Barriers to Widespread Adoption
Despite accumulating evidence and promising therapeutic candidates, routine CHIP assays for older individuals are not yet standard practice. Reasons cited include:
- The high cost of accurate assays (e.g., $950 for deep sequencing panels)
- The potential for inducing anxiety with high-risk results in patients.
Prioritizing the development of precise, low-cost CHIP assays is crucial, alongside dedicated clinical trials for drugs that improve outcomes.
A Call for Action and Future Guidelines
Currently, a limited number of academic centers, including the University of Chicago, Cleveland Clinic, and Yale Medicine (which has a hybrid cardio-oncology CHIP clinic), have established dedicated CHIP clinics. Experts advocate for making CHIP assessment more widely available and affordable for select individuals, such as those aged 70 and above. The information provided by CHIP is considered more specific than general inflammation markers like high-sensitivity C-reactive protein.
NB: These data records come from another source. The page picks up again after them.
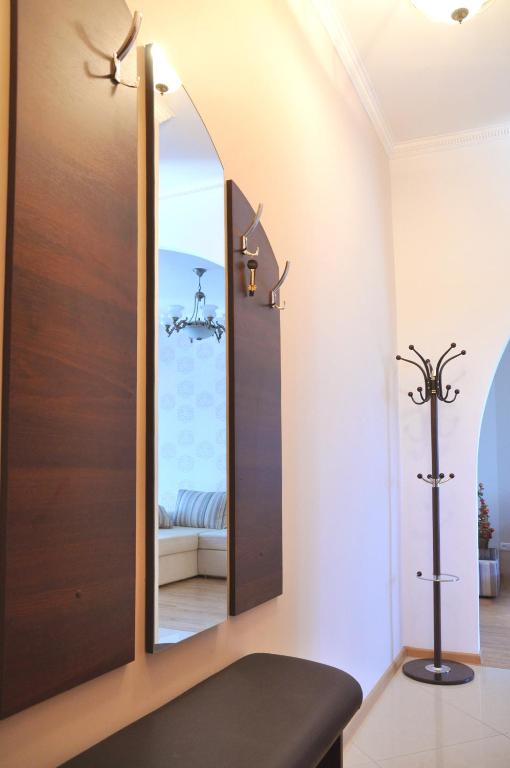 Lotos for You Apartments - Appartement D'une Chambre - Shneyersona St.2B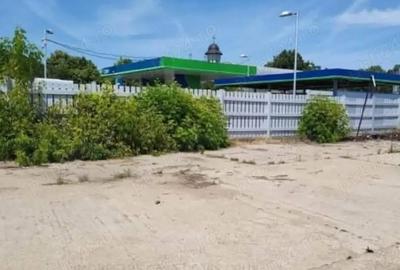 Spațiu comercial, de 2,110 mp, în Central - 4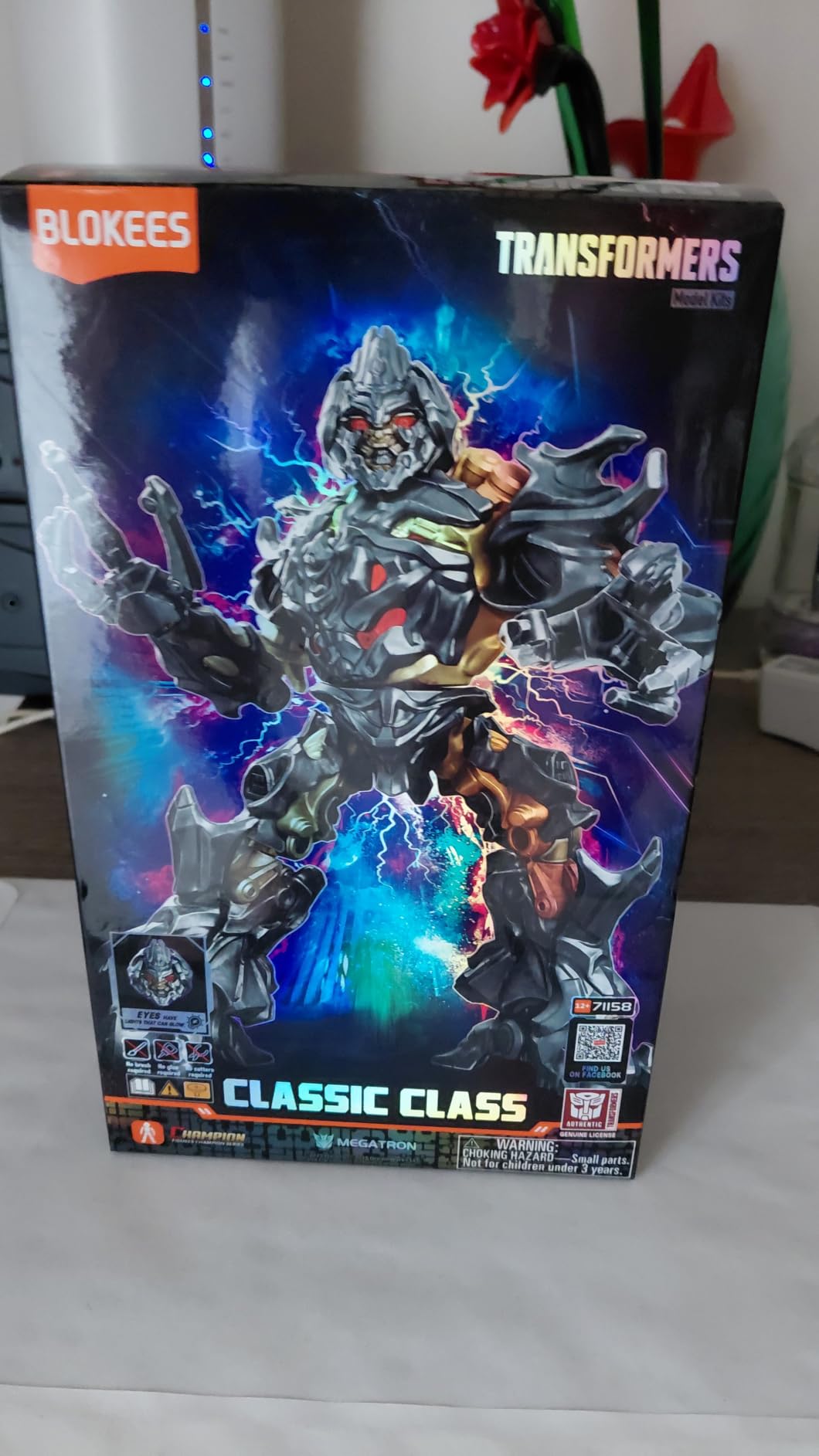 Transformers Classic Class 10 Megatron kit modello 75 pezzi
There is a growing call to rename the acronym to "Clonal Hematopoiesis of Important Potential," removing the "indeterminate" qualifier, to better reflect its significant clinical implications. It is anticipated that professional societies in cardiology, hematology, and oncology will eventually incorporate CHIP diagnosis and treatment utility into new guidelines, similar to the recent adoption of Lp(a) and ApoB in lipid management.